(YOUR INSTRUCTIONS)
Using the data below, reproduce exactly the lines from the line with "Mikayla's Cafe - Biscuit" to the line with "Maison à CAUREL", both included; pictures must be dropped.

(DATA UNDER STUDY)
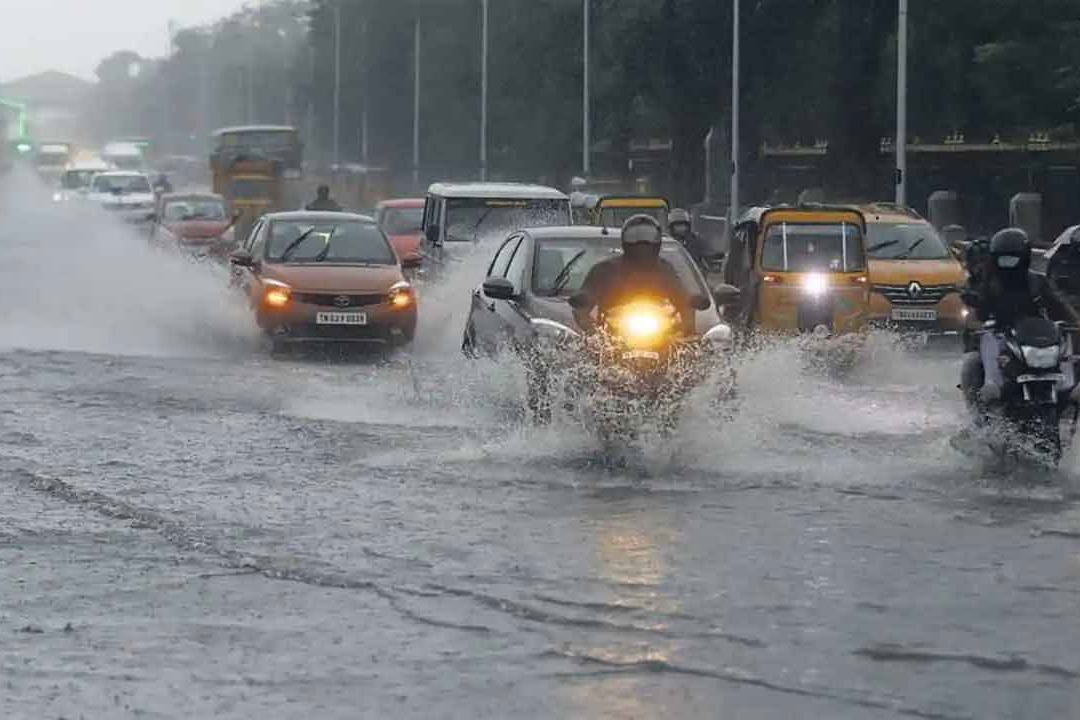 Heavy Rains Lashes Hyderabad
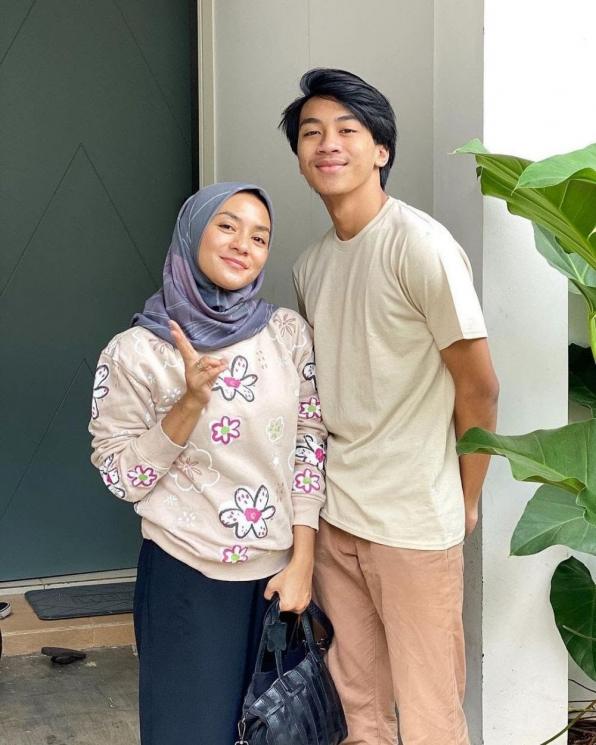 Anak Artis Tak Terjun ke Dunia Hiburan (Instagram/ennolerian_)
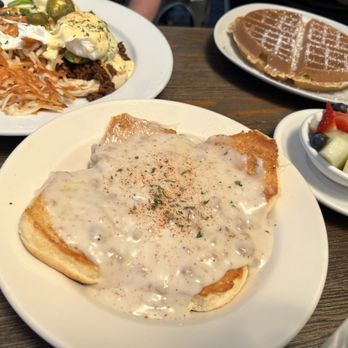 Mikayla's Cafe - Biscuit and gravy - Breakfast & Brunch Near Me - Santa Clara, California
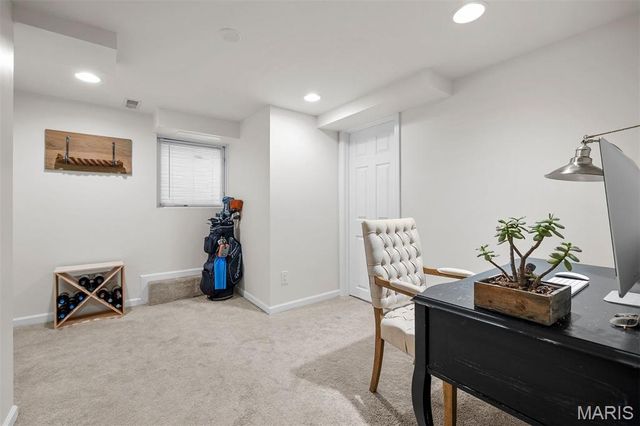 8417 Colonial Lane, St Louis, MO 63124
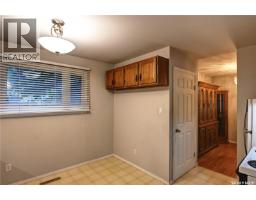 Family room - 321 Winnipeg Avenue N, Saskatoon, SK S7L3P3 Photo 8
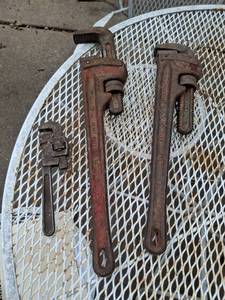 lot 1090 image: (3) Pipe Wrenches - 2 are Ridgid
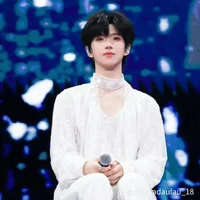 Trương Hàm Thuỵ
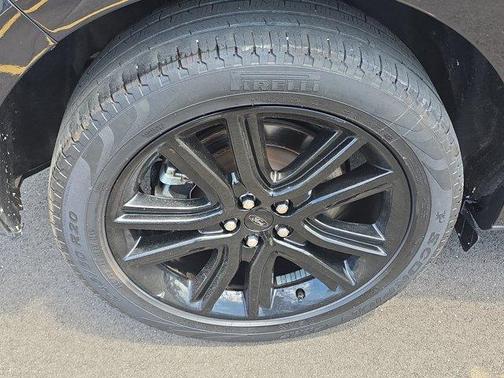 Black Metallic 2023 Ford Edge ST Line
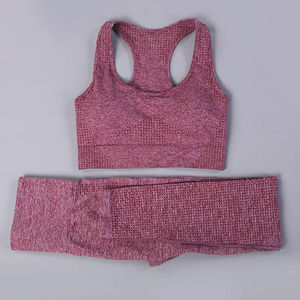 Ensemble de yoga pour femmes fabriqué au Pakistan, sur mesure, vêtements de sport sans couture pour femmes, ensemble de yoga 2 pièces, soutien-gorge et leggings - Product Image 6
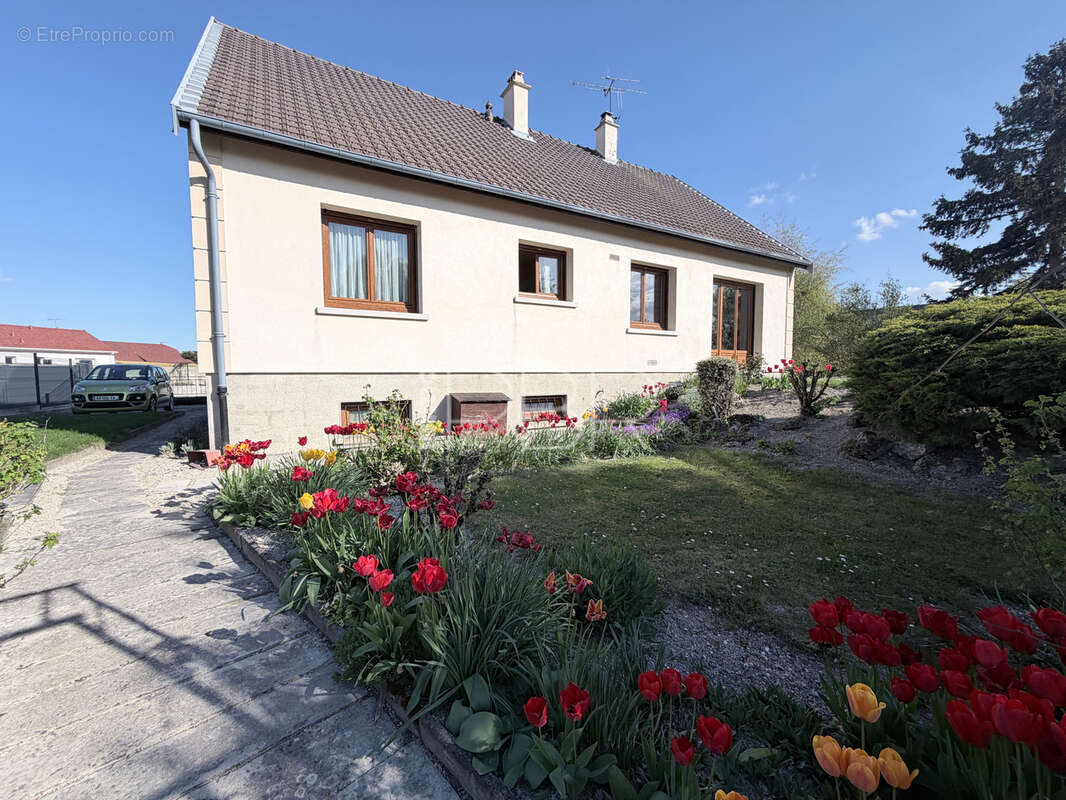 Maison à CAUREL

==

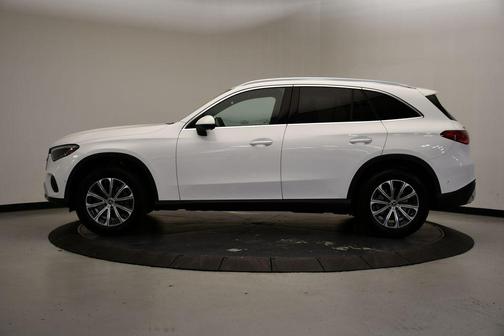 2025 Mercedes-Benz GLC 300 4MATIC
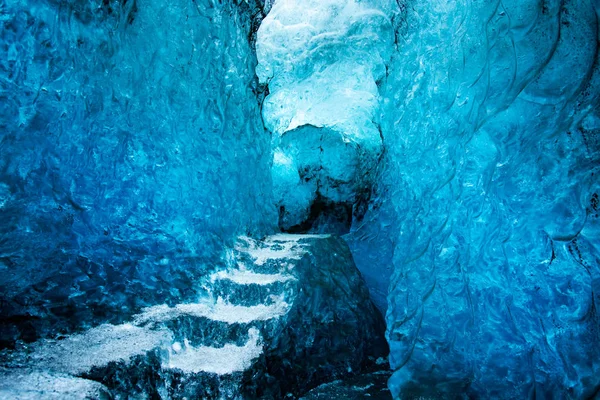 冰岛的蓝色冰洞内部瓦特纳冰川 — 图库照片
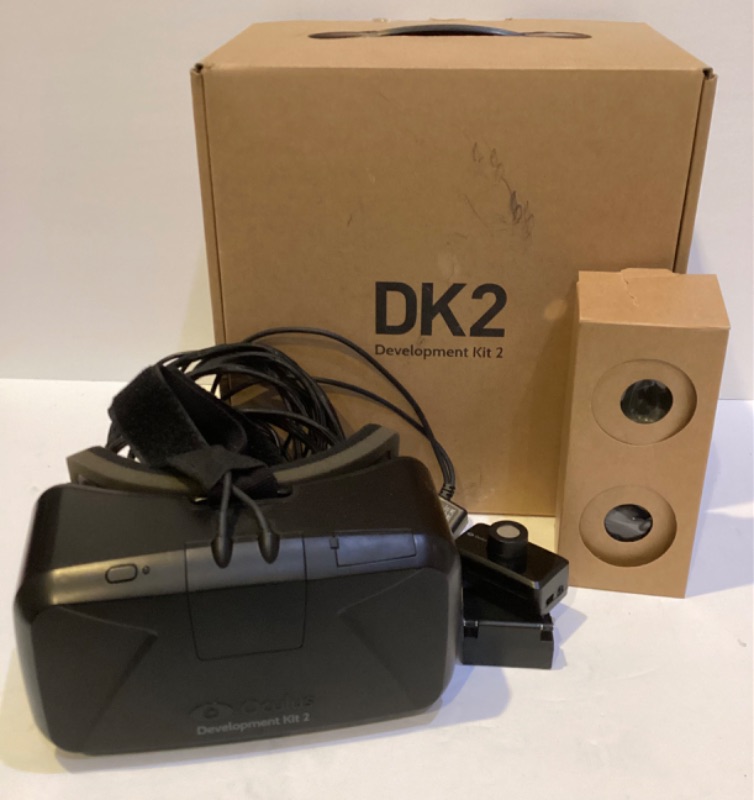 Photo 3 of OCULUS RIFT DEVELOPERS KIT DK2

(TASK RESPONSE)
 Mikayla's Cafe - Biscuit and gravy - Breakfast & Brunch Near Me - Santa Clara, California
 8417 Colonial Lane, St Louis, MO 63124
 Family room - 321 Winnipeg Avenue N, Saskatoon, SK S7L3P3 Photo 8
 lot 1090 image: (3) Pipe Wrenches - 2 are Ridgid
 Trương Hàm Thuỵ
 Black Metallic 2023 Ford Edge ST Line
 Ensemble de yoga pour femmes fabriqué au Pakistan, sur mesure, vêtements de sport sans couture pour femmes, ensemble de yoga 2 pièces, soutien-gorge et leggings - Product Image 6
 Maison à CAUREL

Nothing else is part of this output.